[Provided information]
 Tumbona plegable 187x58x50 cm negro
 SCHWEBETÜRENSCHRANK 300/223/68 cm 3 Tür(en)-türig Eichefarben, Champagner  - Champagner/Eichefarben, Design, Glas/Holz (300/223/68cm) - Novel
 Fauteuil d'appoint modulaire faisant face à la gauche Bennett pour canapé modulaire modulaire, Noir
...
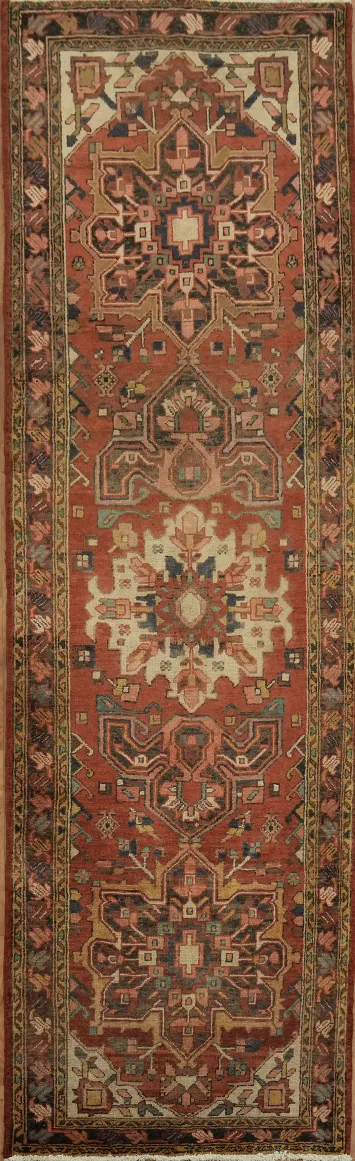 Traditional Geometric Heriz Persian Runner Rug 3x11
---
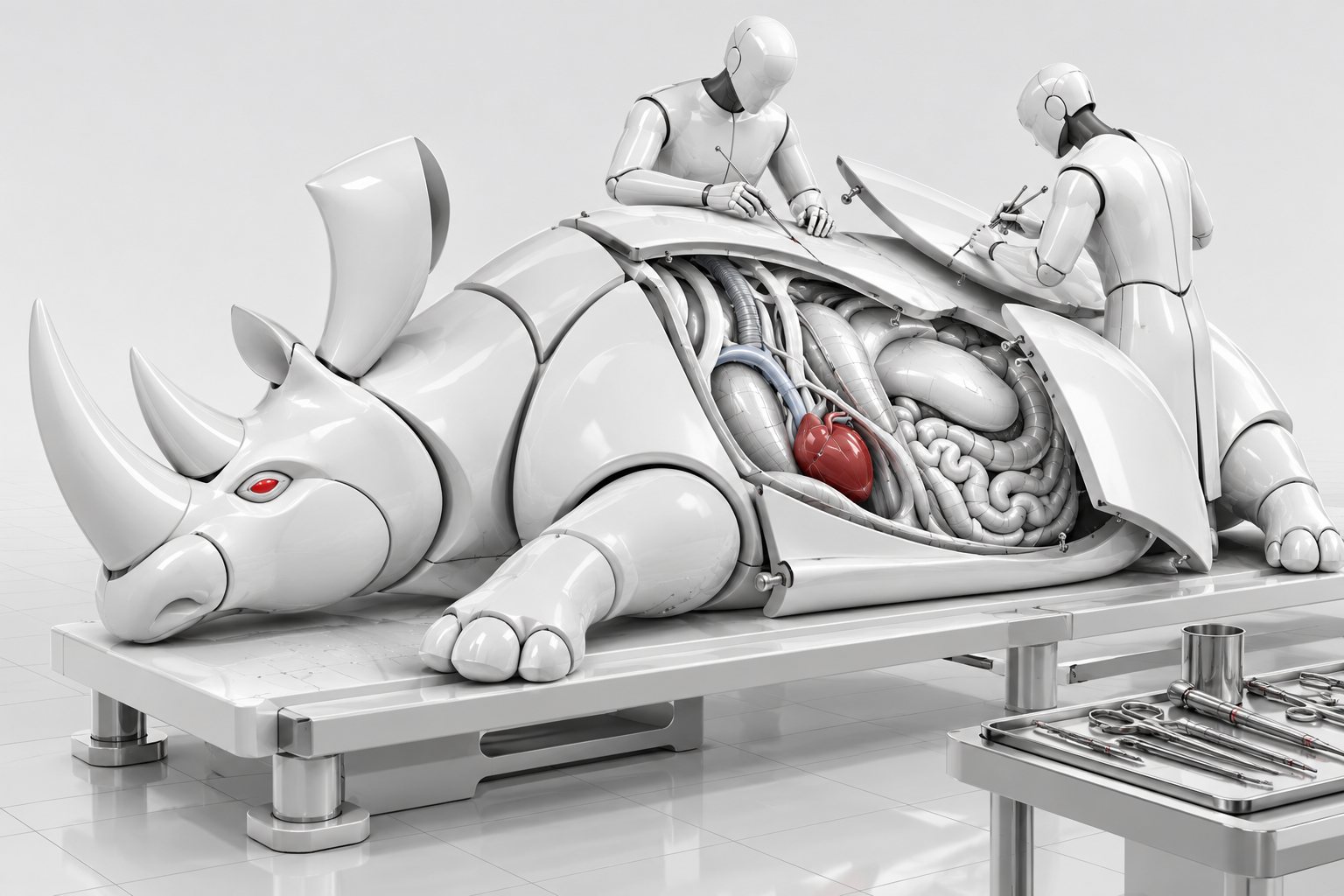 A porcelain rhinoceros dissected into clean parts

[Exercise] Please give an exact copy of the entries above, from the line with "Tumbona plegable 187x58x50 cm negro" down to the line with "Fauteuil d'appoint modulaire", inclusive, and nothing else.

[Written response]
 Tumbona plegable 187x58x50 cm negro
 SCHWEBETÜRENSCHRANK 300/223/68 cm 3 Tür(en)-türig Eichefarben, Champagner  - Champagner/Eichefarben, Design, Glas/Holz (300/223/68cm) - Novel
 Fauteuil d'appoint modulaire faisant face à la gauche Bennett pour canapé modulaire modulaire, Noir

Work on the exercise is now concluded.